For authentication I use AWS IAM, no passwords anywhere. MongoDB Atlas accepts AWS IAM principals as database users via pymongo's MONGODB-AWS mechanism. My Lambda functions assume one dedicated IAM role through STS, a role that was federated with Atlas exactly once, and the temporary credentials flow straight into the MongoDB connection.

def _assume_atlas_role() -> dict:
    sts = boto3.client("sts")
    response = sts.assume_role(
        RoleArn=os.environ["ATLAS_ROLE_ARN"],
        RoleSessionName="related-posts-atlas",
        DurationSeconds=3600,
    )
    return response["Credentials"]


def _client() -> MongoClient:
    creds = _assume_atlas_role()
    return MongoClient(
        _connection_config()["srvUri"],   # ...authMechanism=MONGODB-AWS
        username=creds["AccessKeyId"],
        password=creds["SecretAccessKey"],
        authMechanismProperties={"AWS_SESSION_TOKEN": creds["SessionToken"]},
    )

Why do I use a dedicated role instead of the Lambda's own execution role?

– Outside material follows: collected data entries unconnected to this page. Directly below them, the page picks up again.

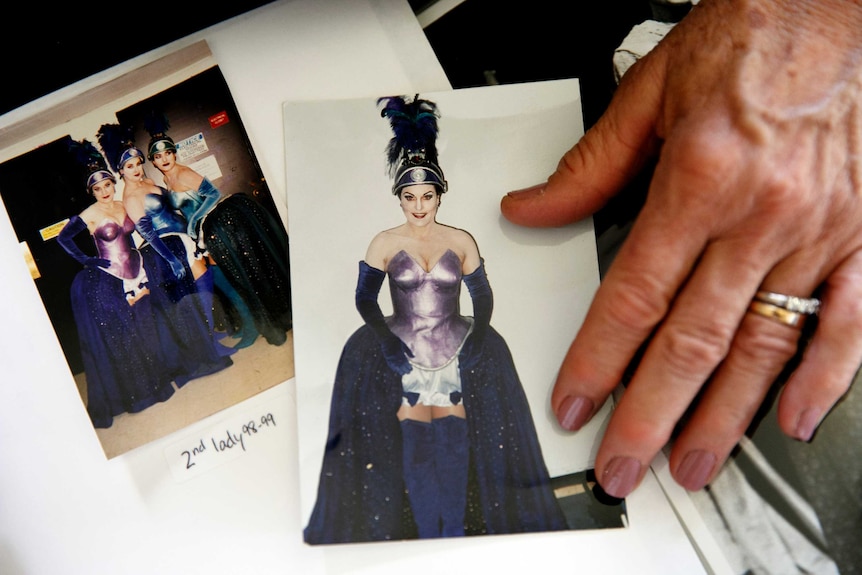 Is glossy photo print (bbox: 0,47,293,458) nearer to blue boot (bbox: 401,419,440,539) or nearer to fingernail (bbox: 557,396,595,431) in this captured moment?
blue boot (bbox: 401,419,440,539)

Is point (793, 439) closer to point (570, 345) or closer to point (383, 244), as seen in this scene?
point (570, 345)

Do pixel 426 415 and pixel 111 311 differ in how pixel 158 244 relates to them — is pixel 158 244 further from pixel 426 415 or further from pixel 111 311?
pixel 426 415

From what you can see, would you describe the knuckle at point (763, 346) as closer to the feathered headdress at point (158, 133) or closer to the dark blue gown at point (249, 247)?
the dark blue gown at point (249, 247)

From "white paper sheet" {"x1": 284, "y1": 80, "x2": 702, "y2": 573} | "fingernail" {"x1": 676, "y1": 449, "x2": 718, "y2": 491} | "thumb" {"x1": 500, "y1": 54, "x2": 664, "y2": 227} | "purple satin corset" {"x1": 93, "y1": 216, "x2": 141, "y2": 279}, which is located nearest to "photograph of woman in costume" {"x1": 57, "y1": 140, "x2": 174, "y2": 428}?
"purple satin corset" {"x1": 93, "y1": 216, "x2": 141, "y2": 279}

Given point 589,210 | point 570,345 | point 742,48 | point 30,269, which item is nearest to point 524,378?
point 570,345

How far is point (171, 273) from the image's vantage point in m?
0.58

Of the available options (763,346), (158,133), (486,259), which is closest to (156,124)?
(158,133)

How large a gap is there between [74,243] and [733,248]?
592 mm

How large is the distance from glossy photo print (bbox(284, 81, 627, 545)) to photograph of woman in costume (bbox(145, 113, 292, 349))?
23mm

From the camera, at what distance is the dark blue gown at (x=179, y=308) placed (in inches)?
22.4

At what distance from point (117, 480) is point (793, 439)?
0.60 meters

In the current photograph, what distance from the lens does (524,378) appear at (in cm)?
54

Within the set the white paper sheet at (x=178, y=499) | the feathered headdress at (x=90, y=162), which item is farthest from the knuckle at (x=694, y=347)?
the feathered headdress at (x=90, y=162)

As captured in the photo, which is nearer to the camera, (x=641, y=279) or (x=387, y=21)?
(x=641, y=279) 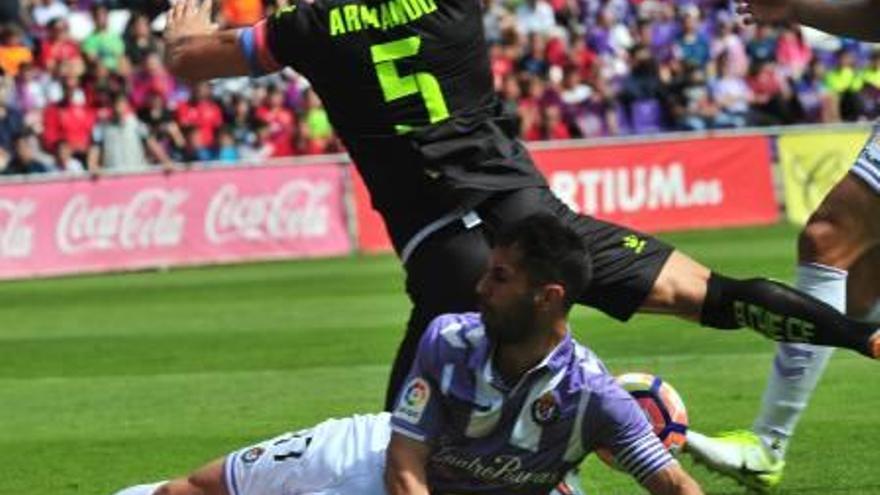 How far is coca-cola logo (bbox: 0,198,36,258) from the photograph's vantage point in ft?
67.1

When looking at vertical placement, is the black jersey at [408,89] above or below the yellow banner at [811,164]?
above

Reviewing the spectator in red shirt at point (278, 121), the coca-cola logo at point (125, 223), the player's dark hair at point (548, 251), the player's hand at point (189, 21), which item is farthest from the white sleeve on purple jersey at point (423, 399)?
the spectator in red shirt at point (278, 121)

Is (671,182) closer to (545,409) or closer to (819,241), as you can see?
(819,241)

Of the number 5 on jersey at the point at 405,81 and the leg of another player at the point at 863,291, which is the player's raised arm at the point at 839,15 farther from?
the number 5 on jersey at the point at 405,81

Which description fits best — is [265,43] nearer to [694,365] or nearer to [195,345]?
[694,365]

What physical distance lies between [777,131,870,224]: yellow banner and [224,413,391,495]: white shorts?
60.6 ft

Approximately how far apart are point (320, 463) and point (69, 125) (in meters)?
18.9

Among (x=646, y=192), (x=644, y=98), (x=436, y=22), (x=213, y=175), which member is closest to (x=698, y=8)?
(x=644, y=98)

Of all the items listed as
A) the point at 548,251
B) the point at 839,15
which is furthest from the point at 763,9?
the point at 548,251

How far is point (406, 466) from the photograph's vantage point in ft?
16.6

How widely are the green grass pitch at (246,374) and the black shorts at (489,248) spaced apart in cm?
120

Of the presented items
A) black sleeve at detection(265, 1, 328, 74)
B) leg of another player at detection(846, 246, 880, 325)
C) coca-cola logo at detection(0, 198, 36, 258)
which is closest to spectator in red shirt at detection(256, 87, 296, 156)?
coca-cola logo at detection(0, 198, 36, 258)

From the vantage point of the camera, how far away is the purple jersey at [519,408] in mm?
5047

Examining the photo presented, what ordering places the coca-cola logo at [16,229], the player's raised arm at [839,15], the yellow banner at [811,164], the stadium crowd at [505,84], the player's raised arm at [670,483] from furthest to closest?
the stadium crowd at [505,84] → the yellow banner at [811,164] → the coca-cola logo at [16,229] → the player's raised arm at [839,15] → the player's raised arm at [670,483]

This is basically for two reasons: first of all, I want to be able to handle the setup of MongoDB Atlas in one flow. I don't want to set up part of Atlas, then need to deploy Lambda functions, pull the Role ARNs, and update Atlas. By separating this, I can also create one role that I authorize towards Atlas, then several Lambda functions can assume the same role and I can control that access properly with IAM permissions.

If you want to go deeper on passwordless authentication towards Atlas, I wrote about Outbound Identity Federation with MongoDB recently, which is a different technique than I use here.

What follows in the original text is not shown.